-- PROBLEM TO WORK ON --
The entries must be repeated verbatim, and their images left out.

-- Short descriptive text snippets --
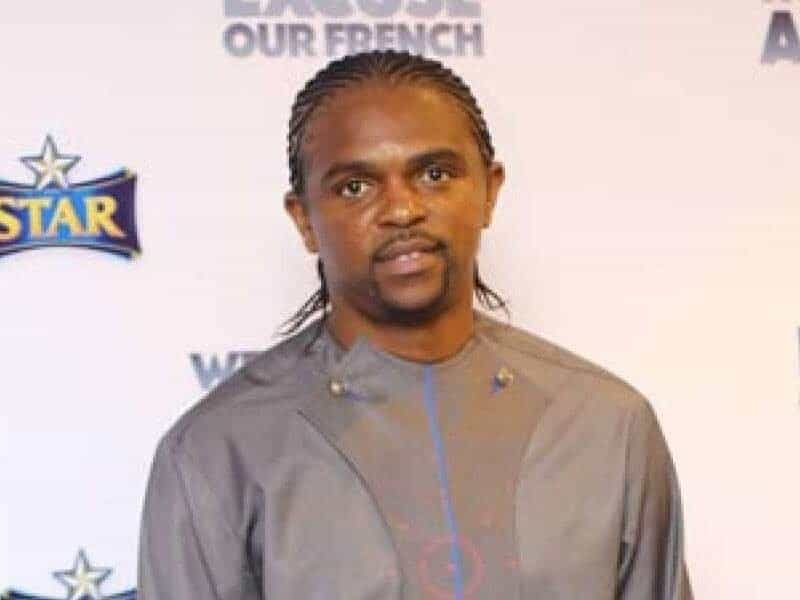  Nwankwo Kanu gravement touché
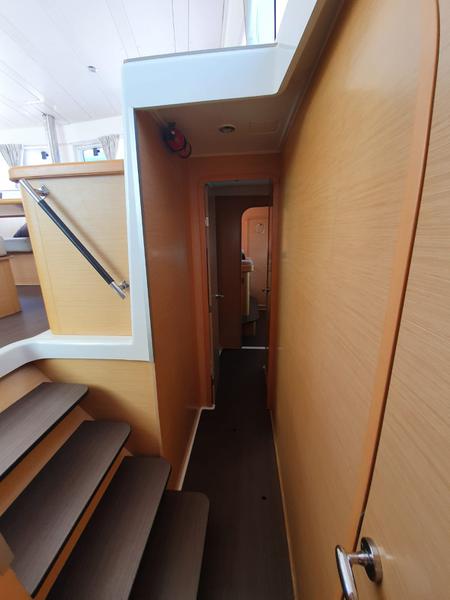 Book yachts online - catamaran - Lagoon 420 - Exit Strategy - rent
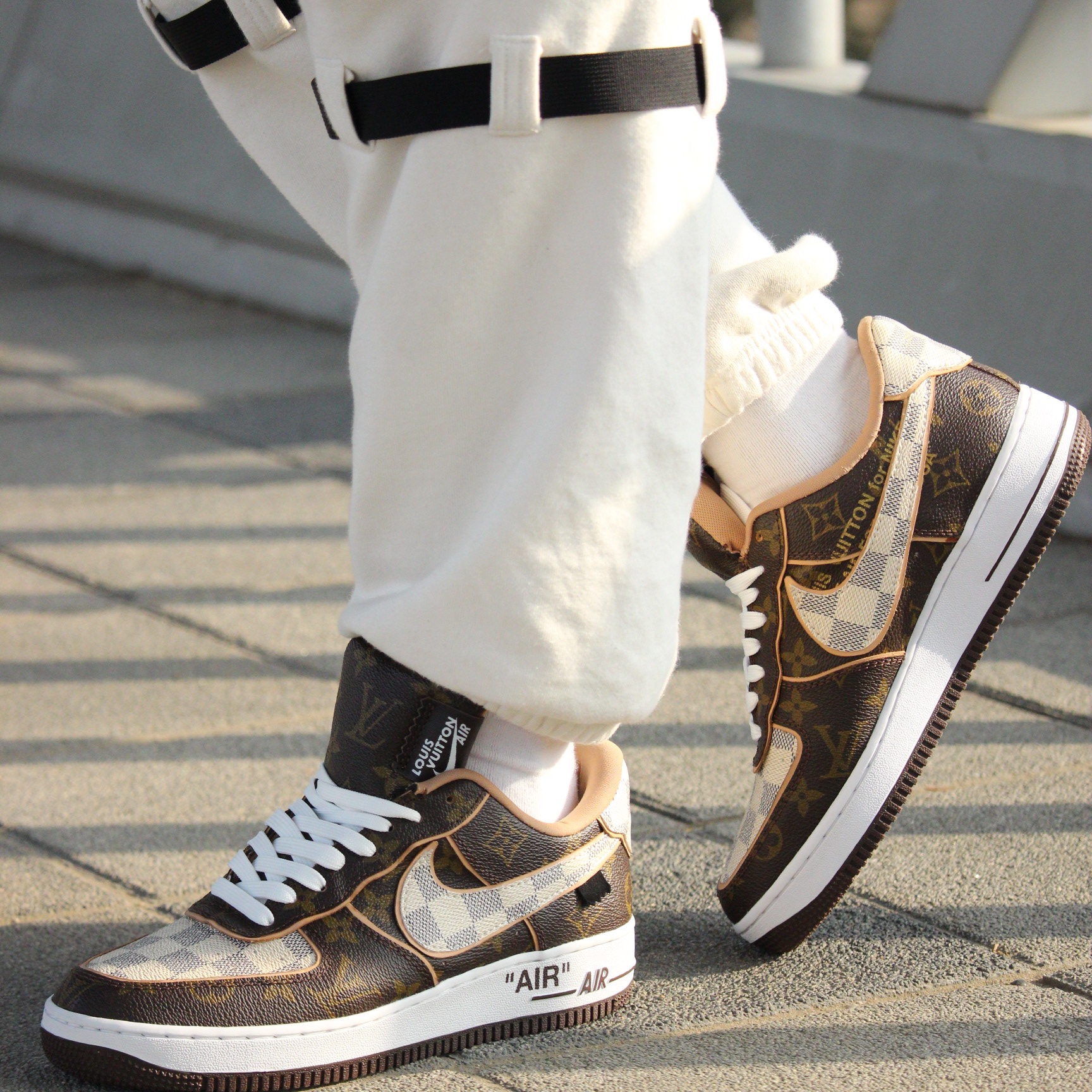 Louis Vuitton x Nike Air Force 1 Low by Virgil Abloh Monogram Brown Damier Azur & Pilot Case Taurillon Monogram Leather 착용 스타일 - 1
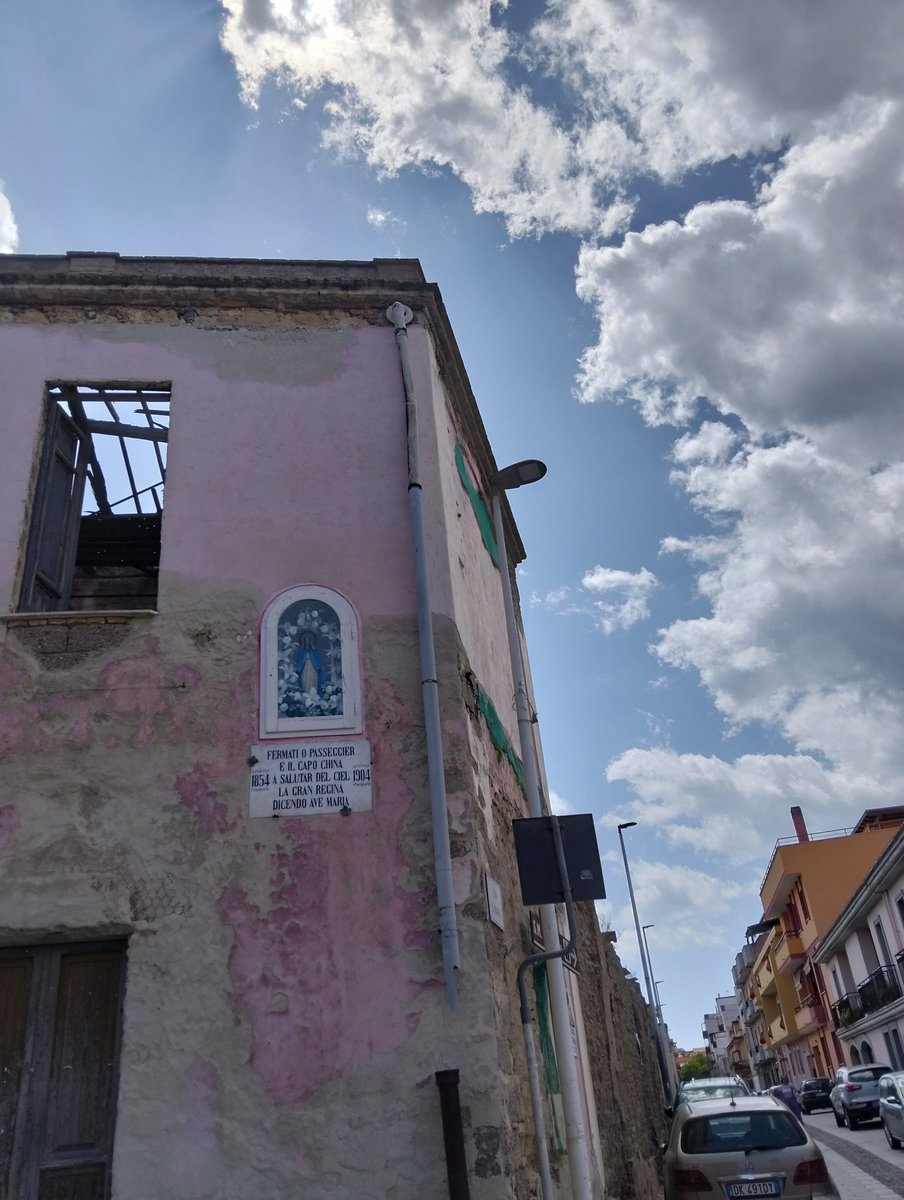 Devozione popolare ... finché regge la casa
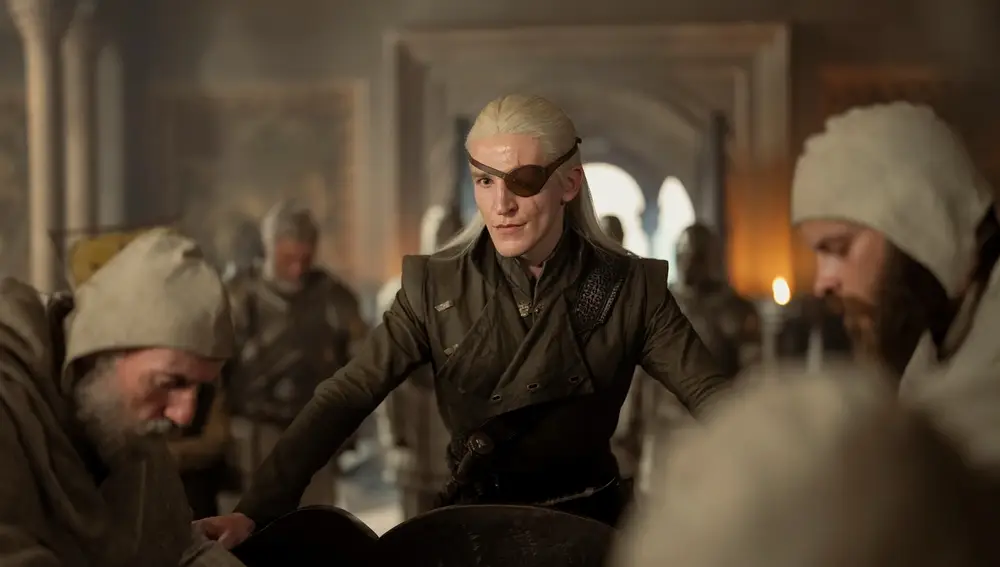 Ewan Mitchell como Aemond Targaryen en La Casa del Dragón Ewan Mitchell como Aemond Targaryen en La Casa del Dragón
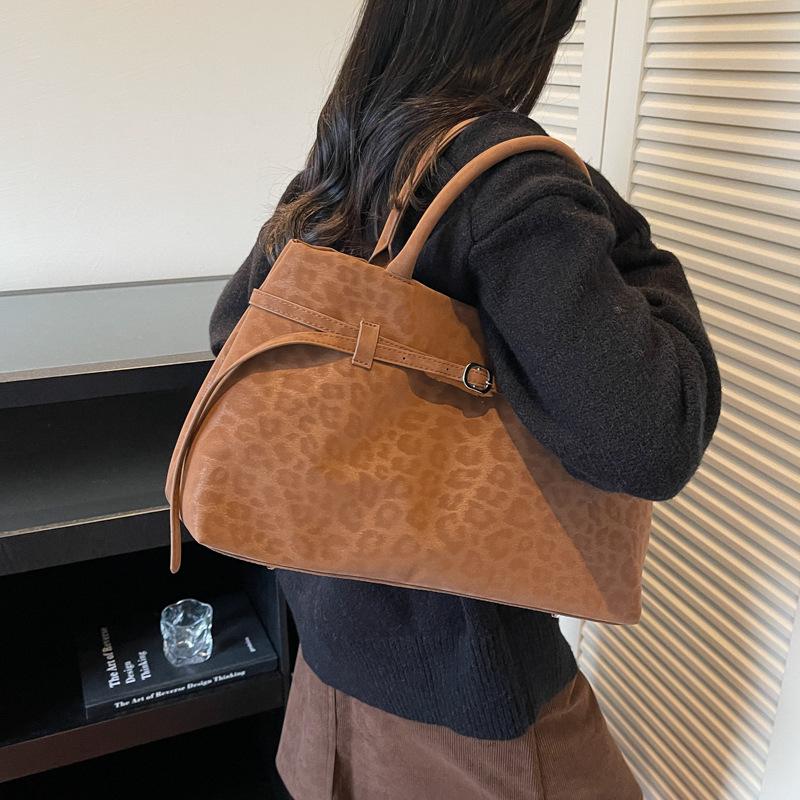 

Женская сумка-тоут с леопардовым принтом, большой вместимости, матовая, в стиле ретро, на плечо - Коллекция Осень/Зима 2025 One Size коричневый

-- WRITTEN ANSWER --
  Nwankwo Kanu gravement touché
 Book yachts online - catamaran - Lagoon 420 - Exit Strategy - rent
 Louis Vuitton x Nike Air Force 1 Low by Virgil Abloh Monogram Brown Damier Azur & Pilot Case Taurillon Monogram Leather 착용 스타일 - 1
 Devozione popolare ... finché regge la casa
 Ewan Mitchell como Aemond Targaryen en La Casa del Dragón Ewan Mitchell como Aemond Targaryen en La Casa del Dragón

Женская сумка-тоут с леопардовым принтом, большой вместимости, матовая, в стиле ретро, на плечо - Коллекция Осень/Зима 2025 One Size коричневый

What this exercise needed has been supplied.